(Saved data entries)
= = = = = = =

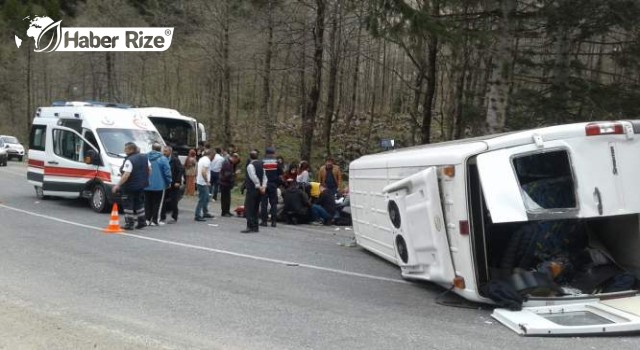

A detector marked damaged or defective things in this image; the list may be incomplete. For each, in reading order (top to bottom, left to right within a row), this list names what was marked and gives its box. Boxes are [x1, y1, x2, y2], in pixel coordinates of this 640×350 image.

detached vehicle panel [350, 121, 640, 336]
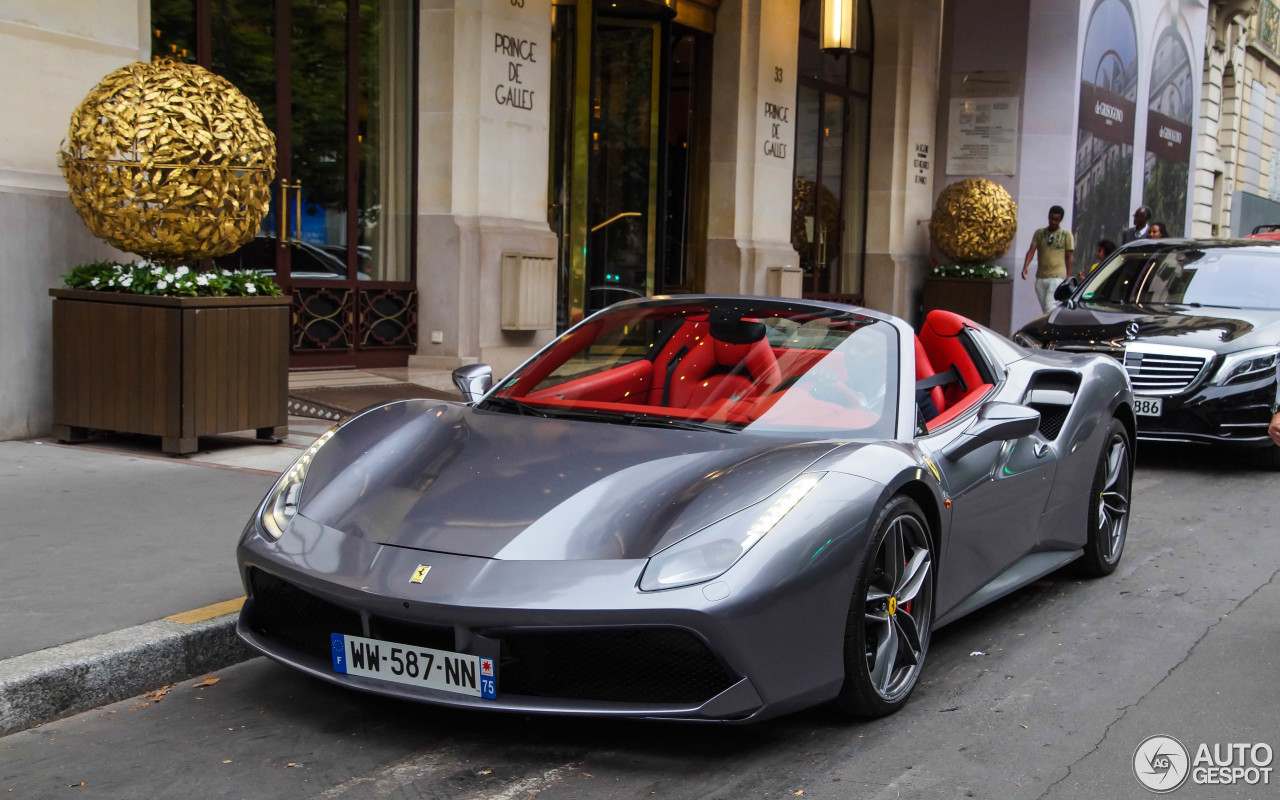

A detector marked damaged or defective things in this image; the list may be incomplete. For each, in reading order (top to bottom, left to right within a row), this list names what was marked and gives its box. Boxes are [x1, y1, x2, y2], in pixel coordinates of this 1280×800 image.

street pavement crack [1029, 560, 1280, 798]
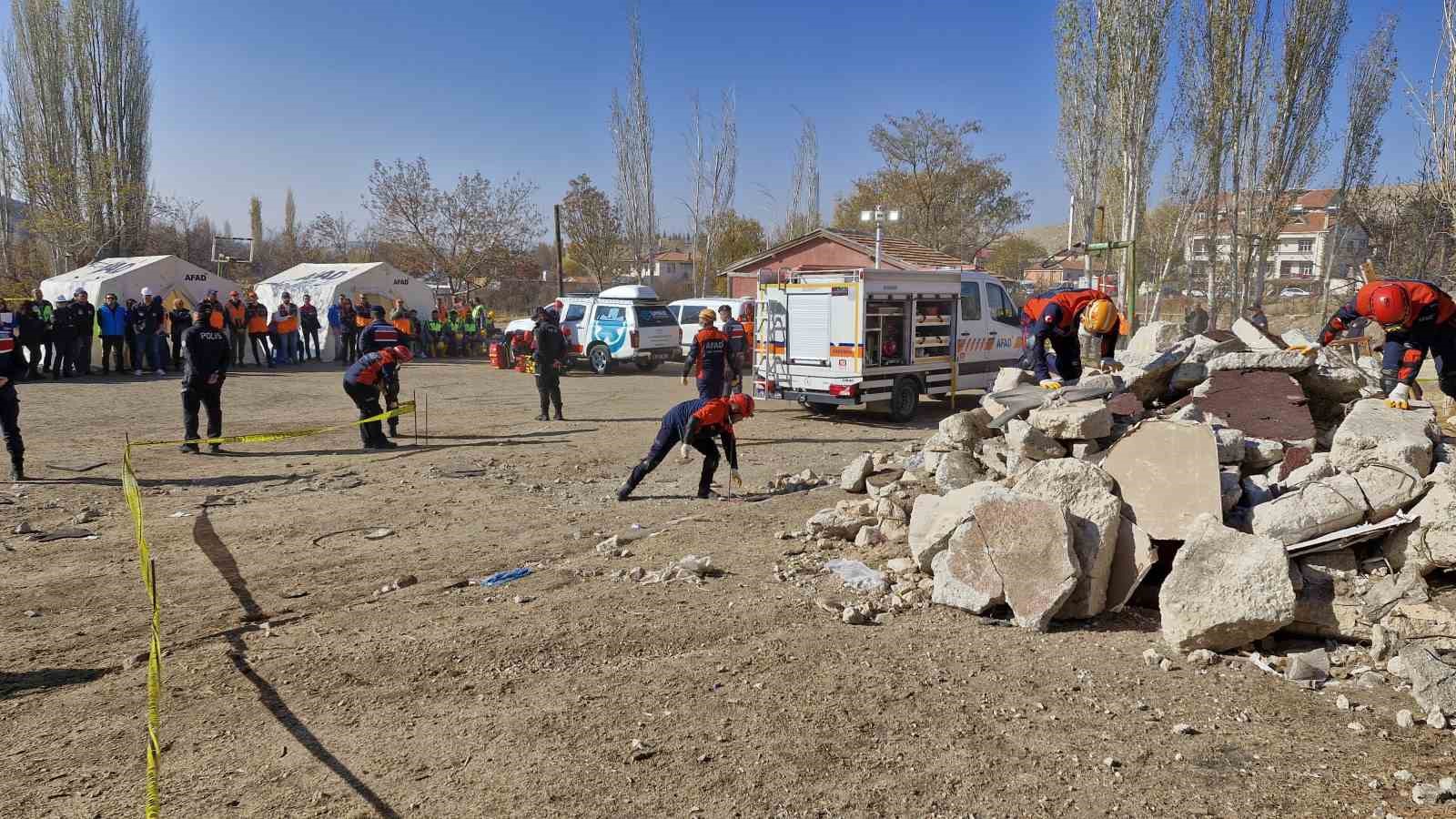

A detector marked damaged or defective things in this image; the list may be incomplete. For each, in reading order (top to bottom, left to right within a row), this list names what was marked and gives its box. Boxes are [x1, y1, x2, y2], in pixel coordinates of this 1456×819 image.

broken concrete block [1124, 320, 1182, 352]
broken concrete block [1234, 316, 1281, 347]
broken concrete block [1205, 350, 1321, 376]
broken concrete block [844, 451, 874, 490]
broken concrete block [937, 449, 984, 486]
broken concrete block [937, 408, 996, 446]
broken concrete block [1007, 417, 1066, 463]
broken concrete block [1025, 399, 1112, 440]
broken concrete block [1013, 454, 1124, 614]
broken concrete block [1107, 417, 1223, 539]
broken concrete block [1211, 422, 1246, 463]
broken concrete block [1240, 437, 1287, 469]
broken concrete block [1246, 471, 1369, 541]
broken concrete block [1328, 396, 1438, 475]
broken concrete block [1345, 463, 1427, 519]
broken concrete block [1380, 463, 1456, 571]
broken concrete block [1107, 512, 1153, 609]
broken concrete block [1158, 515, 1299, 650]
broken concrete block [1403, 643, 1456, 713]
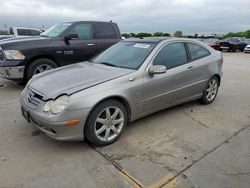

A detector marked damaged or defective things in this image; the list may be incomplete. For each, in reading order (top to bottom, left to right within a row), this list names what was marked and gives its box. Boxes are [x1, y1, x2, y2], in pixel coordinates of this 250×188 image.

cracked pavement [0, 52, 250, 187]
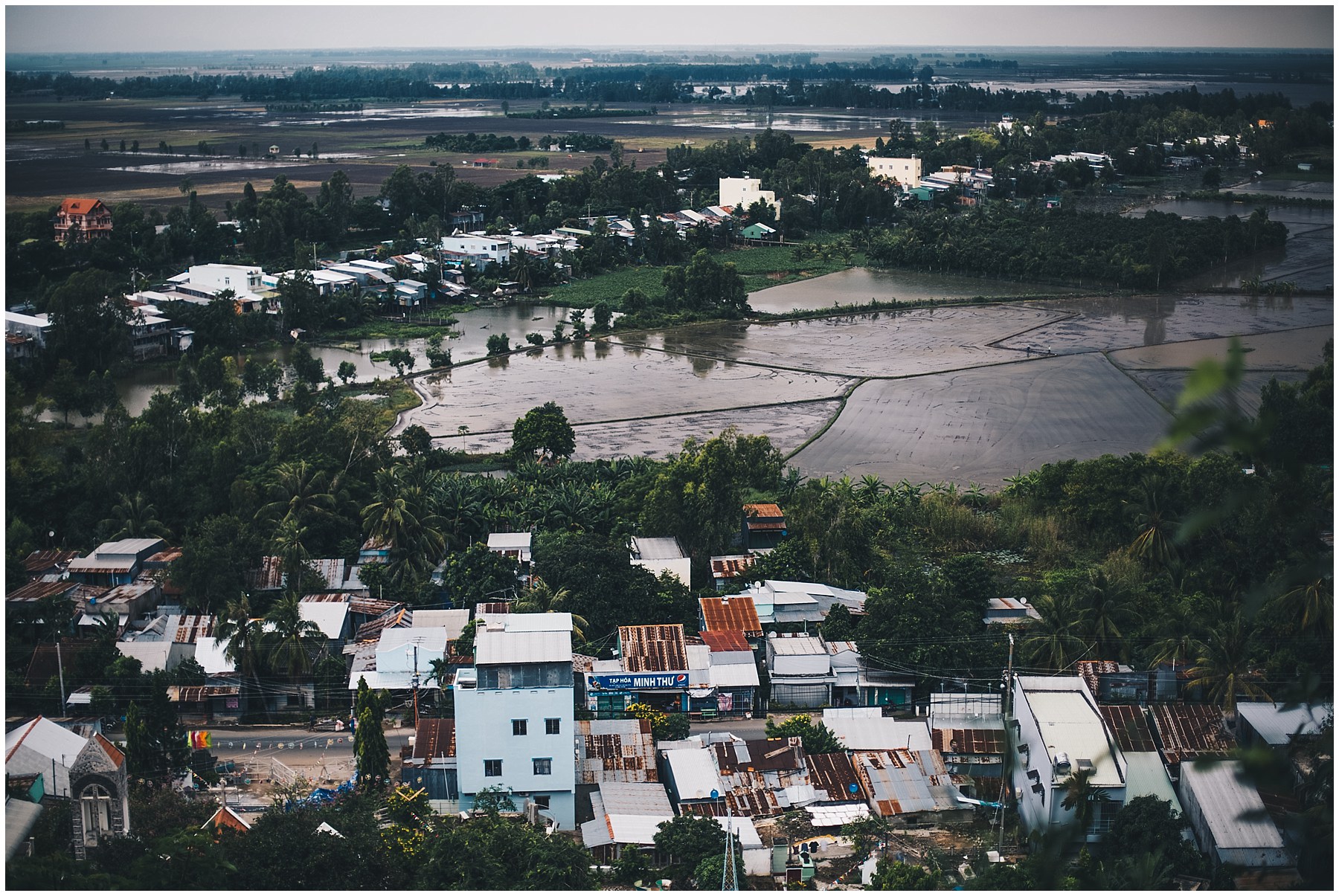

= = = = = = =

### [Exercise details]
Whenever a picture appears, leave it out, and return every record exactly.

### [Answer to the exercise]
A detector marked damaged or defective things in this image; the list may be incomplete. For each, in reading order (top to bottom, left to right within a row), this list names what was marked and gives its box. Boxes are [x1, y1, x2, y2], in pixel coordinates of this 640×350 image.

detached vehicle panel [350, 121, 640, 336]

A detector marked damaged or defective things in this image; the list may be incomplete. For each, in reading order (top to bottom, left to right within a row), this list names what was marked and gives its box. Boxes are [x1, y1, x2, y2], in pixel coordinates of this 1280×800 image.

street pavement crack [1029, 560, 1280, 798]

A detector marked damaged or defective things in this image; the list may be incomplete. For each, in reading order (top to bottom, left to right within a row), this list names what was marked and gives its box. Boxes are [x1, y1, x2, y2], in pixel coordinates of this 1456×819 image.

broken concrete block [1124, 320, 1182, 352]
broken concrete block [1234, 316, 1281, 347]
broken concrete block [1205, 350, 1321, 376]
broken concrete block [844, 451, 874, 490]
broken concrete block [937, 449, 984, 486]
broken concrete block [937, 408, 996, 446]
broken concrete block [1007, 417, 1066, 463]
broken concrete block [1025, 399, 1112, 440]
broken concrete block [1013, 454, 1124, 614]
broken concrete block [1107, 417, 1223, 539]
broken concrete block [1211, 422, 1246, 463]
broken concrete block [1240, 437, 1287, 469]
broken concrete block [1246, 471, 1369, 541]
broken concrete block [1328, 396, 1438, 475]
broken concrete block [1345, 463, 1427, 519]
broken concrete block [1380, 463, 1456, 571]
broken concrete block [1107, 512, 1153, 609]
broken concrete block [1158, 515, 1299, 650]
broken concrete block [1403, 643, 1456, 713]

A detector marked damaged or defective things in this image; the list may be incomplete. For each, in reading order (top to bottom, left to right within a row), this list names what was marked and gives its box. Boxes are [x1, y1, x2, y2], in pixel coordinates of this 250×188 image.

cracked pavement [0, 52, 250, 187]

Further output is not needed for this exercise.